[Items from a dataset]
⟨
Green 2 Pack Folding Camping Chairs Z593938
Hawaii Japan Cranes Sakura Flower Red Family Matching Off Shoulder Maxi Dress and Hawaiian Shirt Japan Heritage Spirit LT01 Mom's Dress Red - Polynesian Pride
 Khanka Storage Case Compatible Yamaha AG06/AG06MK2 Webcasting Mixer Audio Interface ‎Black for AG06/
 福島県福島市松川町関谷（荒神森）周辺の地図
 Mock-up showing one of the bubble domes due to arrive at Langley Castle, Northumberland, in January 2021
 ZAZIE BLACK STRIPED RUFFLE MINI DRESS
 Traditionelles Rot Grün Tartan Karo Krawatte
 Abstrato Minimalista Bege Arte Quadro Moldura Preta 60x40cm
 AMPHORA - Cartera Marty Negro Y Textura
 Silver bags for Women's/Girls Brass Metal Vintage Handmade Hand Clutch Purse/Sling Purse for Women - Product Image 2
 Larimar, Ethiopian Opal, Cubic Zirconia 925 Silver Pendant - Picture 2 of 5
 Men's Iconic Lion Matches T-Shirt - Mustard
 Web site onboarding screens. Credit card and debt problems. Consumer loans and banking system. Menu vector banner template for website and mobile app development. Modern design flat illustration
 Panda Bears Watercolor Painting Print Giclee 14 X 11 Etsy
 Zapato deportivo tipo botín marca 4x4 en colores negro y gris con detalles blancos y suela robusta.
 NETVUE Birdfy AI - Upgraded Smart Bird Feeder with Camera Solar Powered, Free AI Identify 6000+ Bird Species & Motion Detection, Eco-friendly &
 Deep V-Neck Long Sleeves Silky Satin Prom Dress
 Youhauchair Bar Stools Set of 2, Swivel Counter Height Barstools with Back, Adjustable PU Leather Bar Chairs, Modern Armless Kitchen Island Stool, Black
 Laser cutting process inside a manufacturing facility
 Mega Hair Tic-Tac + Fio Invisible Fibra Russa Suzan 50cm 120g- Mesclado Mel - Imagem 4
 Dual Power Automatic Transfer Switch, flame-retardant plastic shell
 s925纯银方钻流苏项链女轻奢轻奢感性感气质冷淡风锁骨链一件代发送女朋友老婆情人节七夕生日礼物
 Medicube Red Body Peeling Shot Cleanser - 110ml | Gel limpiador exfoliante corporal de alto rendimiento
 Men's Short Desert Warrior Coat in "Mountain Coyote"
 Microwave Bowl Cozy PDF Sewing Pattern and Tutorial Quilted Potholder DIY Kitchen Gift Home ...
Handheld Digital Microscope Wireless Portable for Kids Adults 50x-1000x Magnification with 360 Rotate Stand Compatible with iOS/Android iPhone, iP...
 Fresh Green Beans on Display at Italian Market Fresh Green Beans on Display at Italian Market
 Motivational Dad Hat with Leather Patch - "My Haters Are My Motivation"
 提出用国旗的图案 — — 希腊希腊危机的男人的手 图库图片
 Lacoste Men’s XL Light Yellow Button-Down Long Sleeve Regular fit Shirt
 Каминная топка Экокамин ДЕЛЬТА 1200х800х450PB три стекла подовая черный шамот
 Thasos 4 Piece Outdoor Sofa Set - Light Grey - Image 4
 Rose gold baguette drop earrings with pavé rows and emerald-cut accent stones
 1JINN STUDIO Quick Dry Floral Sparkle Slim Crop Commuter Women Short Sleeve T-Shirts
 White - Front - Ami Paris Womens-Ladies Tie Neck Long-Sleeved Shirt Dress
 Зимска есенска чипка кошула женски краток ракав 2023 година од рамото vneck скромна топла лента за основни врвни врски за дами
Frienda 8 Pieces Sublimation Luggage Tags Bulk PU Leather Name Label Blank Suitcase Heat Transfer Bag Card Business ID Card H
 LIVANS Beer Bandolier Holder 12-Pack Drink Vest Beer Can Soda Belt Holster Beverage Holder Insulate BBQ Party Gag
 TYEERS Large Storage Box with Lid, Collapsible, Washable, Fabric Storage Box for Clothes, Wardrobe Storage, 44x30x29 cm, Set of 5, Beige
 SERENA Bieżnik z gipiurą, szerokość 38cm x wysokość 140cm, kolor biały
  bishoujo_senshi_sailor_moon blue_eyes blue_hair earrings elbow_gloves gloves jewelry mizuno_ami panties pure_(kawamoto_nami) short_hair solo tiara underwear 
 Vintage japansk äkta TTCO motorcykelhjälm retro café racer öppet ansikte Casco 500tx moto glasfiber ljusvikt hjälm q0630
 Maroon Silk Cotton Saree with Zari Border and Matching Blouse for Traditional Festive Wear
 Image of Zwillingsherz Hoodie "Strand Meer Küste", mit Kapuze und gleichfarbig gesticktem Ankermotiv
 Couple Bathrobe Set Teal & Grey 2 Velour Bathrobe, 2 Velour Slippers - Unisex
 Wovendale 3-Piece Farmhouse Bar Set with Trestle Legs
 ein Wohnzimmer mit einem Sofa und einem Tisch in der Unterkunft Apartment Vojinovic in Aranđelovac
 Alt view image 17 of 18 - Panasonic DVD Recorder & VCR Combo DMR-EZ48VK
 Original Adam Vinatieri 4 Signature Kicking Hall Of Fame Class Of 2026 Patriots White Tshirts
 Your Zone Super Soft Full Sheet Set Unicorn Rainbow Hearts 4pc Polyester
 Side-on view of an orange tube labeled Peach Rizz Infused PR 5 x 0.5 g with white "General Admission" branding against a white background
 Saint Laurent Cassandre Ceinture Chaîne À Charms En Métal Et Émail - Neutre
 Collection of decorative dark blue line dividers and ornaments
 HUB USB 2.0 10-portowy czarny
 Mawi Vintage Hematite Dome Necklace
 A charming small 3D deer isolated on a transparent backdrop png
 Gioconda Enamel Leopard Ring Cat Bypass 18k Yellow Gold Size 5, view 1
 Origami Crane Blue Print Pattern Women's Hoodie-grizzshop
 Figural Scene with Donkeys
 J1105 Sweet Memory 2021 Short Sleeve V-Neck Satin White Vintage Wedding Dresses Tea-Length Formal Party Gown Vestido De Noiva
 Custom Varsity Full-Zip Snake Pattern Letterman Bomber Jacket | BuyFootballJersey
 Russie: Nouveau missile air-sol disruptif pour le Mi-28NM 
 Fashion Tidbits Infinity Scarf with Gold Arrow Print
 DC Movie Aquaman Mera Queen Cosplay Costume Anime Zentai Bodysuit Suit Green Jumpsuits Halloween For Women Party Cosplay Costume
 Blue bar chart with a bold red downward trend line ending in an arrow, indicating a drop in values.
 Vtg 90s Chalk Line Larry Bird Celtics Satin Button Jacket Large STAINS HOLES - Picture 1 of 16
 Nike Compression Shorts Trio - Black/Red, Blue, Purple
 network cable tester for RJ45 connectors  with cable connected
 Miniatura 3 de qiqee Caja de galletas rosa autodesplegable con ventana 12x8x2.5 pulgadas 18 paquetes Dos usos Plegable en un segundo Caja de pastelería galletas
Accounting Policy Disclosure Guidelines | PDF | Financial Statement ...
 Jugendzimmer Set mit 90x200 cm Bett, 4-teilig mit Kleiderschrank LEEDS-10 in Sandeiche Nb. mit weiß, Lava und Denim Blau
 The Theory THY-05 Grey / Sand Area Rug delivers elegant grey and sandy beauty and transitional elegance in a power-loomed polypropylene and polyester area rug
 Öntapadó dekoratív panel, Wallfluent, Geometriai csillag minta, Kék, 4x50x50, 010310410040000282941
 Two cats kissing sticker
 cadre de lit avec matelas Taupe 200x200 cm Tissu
⟩
» Task details
Could you restate word for word the lines above from the one containing "Medicube Red Body" through the one containing "Microwave Bowl Cozy", both included, and nothing else?

» Written response
 Medicube Red Body Peeling Shot Cleanser - 110ml | Gel limpiador exfoliante corporal de alto rendimiento
 Men's Short Desert Warrior Coat in "Mountain Coyote"
 Microwave Bowl Cozy PDF Sewing Pattern and Tutorial Quilted Potholder DIY Kitchen Gift Home ...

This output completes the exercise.